According to data from the US Department of Homeland Security (DHS), “a nuclear bomb would produce thousands to millions of times more explosions than any random explosion you could use in a dirty bomb.”

The blast from a nuclear weapon can destroy entire cities. For example, the atomic bomb dropped on Nagasaki in 1945 destroyed 2.6 square miles (6.2 square kilometers) of the city, according to ICAN, an international effort to eliminate nuclear weapons. The conventional explosives in a dirty bomb can only destroy or damage a few buildings.

Meanwhile, the mushroom cloud from a nuclear explosion can cover tens to hundreds of square miles, spreading a good deal of nuclear material — radioactive fallout — over that area, DHS says.

Most of the radioactive material from a detonated bomb is spread over a few city blocks or a few square miles, DHS says.

no.

In the year In 1995, Chechen rebels planted a plant in a Moscow park but failed to detonate it, according to the Council on Foreign Relations.

There have been reports of terrorist organizations such as al-Qaeda or ISIS making or attempting to make dirty bombs, but none of them have been unexploded.

DHS says a dirty bomb can deliver enough radiation to “cause immediate health damage or death to many people.”

The Texas Department of State Health Services explains why.

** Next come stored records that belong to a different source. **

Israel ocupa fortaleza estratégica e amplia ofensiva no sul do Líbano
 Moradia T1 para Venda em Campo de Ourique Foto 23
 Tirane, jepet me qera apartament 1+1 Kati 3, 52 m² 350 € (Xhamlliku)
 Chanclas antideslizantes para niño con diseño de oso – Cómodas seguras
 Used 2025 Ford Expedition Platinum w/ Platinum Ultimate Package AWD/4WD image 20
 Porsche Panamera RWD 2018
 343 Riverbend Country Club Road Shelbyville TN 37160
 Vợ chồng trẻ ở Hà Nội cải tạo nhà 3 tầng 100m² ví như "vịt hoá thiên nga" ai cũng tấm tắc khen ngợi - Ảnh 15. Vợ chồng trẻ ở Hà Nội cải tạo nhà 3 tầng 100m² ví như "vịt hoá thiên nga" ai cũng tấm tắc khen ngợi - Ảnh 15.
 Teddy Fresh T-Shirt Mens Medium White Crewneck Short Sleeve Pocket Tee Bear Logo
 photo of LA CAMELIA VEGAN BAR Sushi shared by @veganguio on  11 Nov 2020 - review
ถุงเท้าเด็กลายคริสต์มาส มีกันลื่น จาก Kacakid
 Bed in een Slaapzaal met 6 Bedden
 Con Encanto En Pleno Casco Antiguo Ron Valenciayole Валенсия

To make a dirty bomb capable of delivering lethal doses of radiation, a large amount of lead or iron shielding would be needed during construction to prevent the makers from being killed, he explained.

But using such shielding materials would make the bomb bulky and difficult to move or deploy, would likely require heavy equipment and remote control equipment, and would limit how far the radiation could spread, the Texas state agency said.

The radiation from a dirty bomb causes the same amount of exposure as during a dental procedure, according to the Texas Health Service.

“It’s like breaking a rock. If someone throws a big stone at you, it can hurt you and cause physical harm,” explains the department. “If you take the same rock and break it into sand and drop it and throw the sand at you, it’s much less likely to do real damage.”

According to the DHS, the severity of radiation sickness is affected by exposure over time. Preventive measures can be as simple as walking.

“Even walking a short distance from the[explosion]site can provide significant protection because the dose rate decreases with distance from the source,” DHS said.

People should cover their noses and mouths to avoid exposure to radiation, go indoors to escape the dust cloud, put their clothes in a plastic bag and then gently wash their skin to remove contamination, DHS said.